Studio album by Drapht
- Released: 1 April 2011
- Recorded: 2011
- Genre: Australian hip hop
- Label: The Ayems

Drapht chronology
| Brothers Grimm (2008) | The Life of Riley (2011) | Seven Mirrors (2016) |

= The Life of Riley (album) =

The Life of Riley is the fourth album by Australian hip hop artist, Drapht. The songs were recorded in Drapht's home studio and was released in April 2011 on Drapht's own label The Ayems. The album debuted at number 1 on the ARIA Albums Chart. The album features contributions from Briggs, N'fa, Funkoars and Urthboy. Drapht believes that this album was the toughest project in his career.

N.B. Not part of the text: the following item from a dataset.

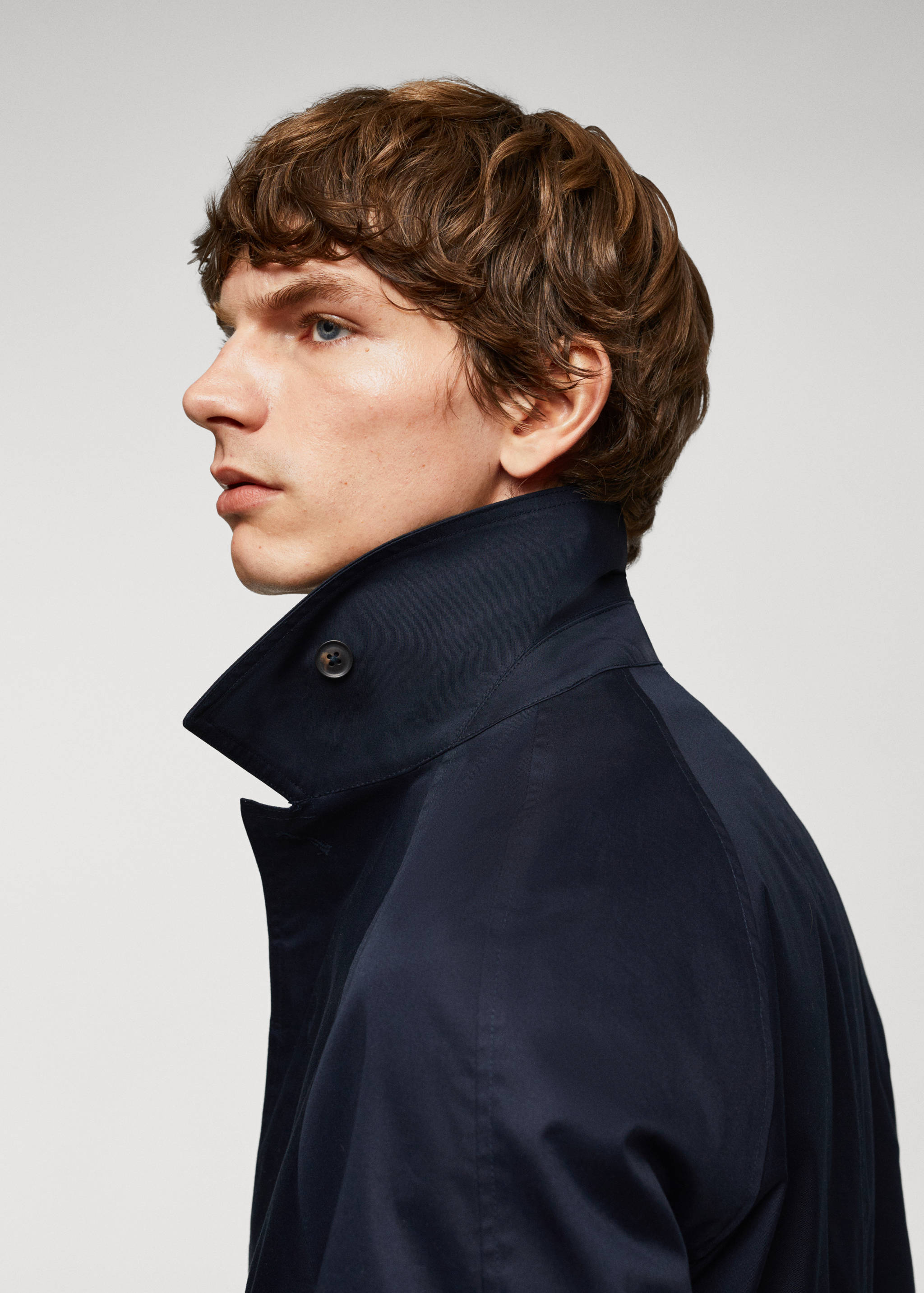 Relaxed-fit cotton trench coat - Details of the article 4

At the J Awards of 2011, the album was nominated for Australian Album of the Year.

==Track listing==

| No. | Title | Length |
|---|---|---|
| 1. | "Intro" | 0:16 |
| 2. | "Sing It (The Life of Riley)" | 4:06 |
| 3. | "Down" | 4:22 |
| 4. | "Rapunzel" | 3:22 |
| 5. | "The Eulogy" (featuring Briggs) | 0:56 |
| 6. | "R.I.P J.R" | 3:47 |
| 7. | "Won't Listen When" | 2:55 |
| 8. | "People Don't Know" | 3:58 |
| 9. | "Bali Party" (featuring N'fa) | 3:03 |
| 10. | "Skit" | 1:43 |
| 11. | "Air Guitar" | 3:44 |
| 12. | "The Paul the Dan" (featuring Trials) | 3:13 |
| 13. | "Murder Murder" | 3:56 |
| 14. | "Take the Party with Us" (featuring Funkoars) | 4:52 |
| 15. | "Good Morning" | 4:07 |
| 16. | "We Own the Night" (featuring Mantra and Urthboy) | 4:13 |
| 17. | "On and On" | 4:00 |
| 18. | "Good Morning" (Elgusto Remix) (iTunes bonus track) | 3:39 |

==Charts==

===Weekly charts===

| Chart (2011) | Peak position |
|---|---|
| Australian Albums (ARIA) | 1 |

===Year-end charts===

| Chart (2011) | Position |
|---|---|
| Australian Albums (ARIA) | 42 |

==Certifications==

| Region | Certification | Certified units/sales |
| Australia (ARIA) | Platinum | 70,000^{^} |
^{^} Shipments figures based on certification alone.